AGC Detector


The basic idea for this circuit came from the "Progressive Communications Receiver" in most of the recent ARRL Handbooks. The circuit is in the IF section of the receiver.

The transistor can be almost any 2N2222/2N3904 type or substitute. The 1N270 is a germanium diode. Any germanium diode will work.

If all you have are 1N914's, measure the forward voltage drop with a DVM (most of them have this function - the diode symbol), and use the one with the lowest reading. Your penalty is a less sensitive S-meter reading, but by an amount that you would hardly notice. The 1N270's run about .3 volt whereas the 1N914's run .5 to .7 volt.

The two diodes connected to the 10K resistors, one going to ground and the other to 12 Volts, keep the voltage at both the collector of the transistor and gate 2 of the MOSFETs, at 1/2 the supply voltage, or approximately 6 volts. Both circuits are fed with 1 megohm resistors. The 1 megohm resistors and the 10 mfd electrolytic or tantalum capacitor set the response times.
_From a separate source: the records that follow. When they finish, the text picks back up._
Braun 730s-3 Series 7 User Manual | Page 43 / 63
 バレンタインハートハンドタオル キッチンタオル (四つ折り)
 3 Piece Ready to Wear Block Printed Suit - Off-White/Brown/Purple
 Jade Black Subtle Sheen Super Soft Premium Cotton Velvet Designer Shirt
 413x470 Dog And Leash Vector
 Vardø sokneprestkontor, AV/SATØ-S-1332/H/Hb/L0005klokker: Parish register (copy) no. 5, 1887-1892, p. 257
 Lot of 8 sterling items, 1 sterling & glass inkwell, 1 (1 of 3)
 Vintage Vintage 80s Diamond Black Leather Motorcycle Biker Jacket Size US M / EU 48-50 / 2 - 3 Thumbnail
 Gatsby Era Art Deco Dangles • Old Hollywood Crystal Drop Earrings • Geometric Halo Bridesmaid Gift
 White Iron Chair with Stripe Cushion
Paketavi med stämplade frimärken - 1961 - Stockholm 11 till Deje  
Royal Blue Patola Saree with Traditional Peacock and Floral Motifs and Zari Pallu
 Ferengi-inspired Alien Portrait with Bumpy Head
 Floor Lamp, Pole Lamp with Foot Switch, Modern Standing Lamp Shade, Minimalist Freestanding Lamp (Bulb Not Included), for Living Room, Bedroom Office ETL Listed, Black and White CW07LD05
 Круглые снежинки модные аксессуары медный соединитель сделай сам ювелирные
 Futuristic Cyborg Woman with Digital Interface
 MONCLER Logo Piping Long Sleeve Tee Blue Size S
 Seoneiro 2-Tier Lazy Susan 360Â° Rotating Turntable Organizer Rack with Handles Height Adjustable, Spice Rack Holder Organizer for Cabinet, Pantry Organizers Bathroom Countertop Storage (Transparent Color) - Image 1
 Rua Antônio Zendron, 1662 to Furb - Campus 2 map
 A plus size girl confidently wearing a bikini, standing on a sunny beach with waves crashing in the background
If you are going to use this circuit in another receiver, be aware that as the IF frequency increases, lower voltage is developed across the diode, capacitor (rectifier, filter) combination. It's harder to get AGC action the higher you go in frequency.

One of the reasons for the 455KHz IF strip is to achieve a great AGC. At 455KHz, plenty of voltage is developed to have a fast acting, active AGC. According to Rohde, the best AGC is when the S-Meter is barely activated from the band noise level. That is achieved with this IF strip and AGC circuit.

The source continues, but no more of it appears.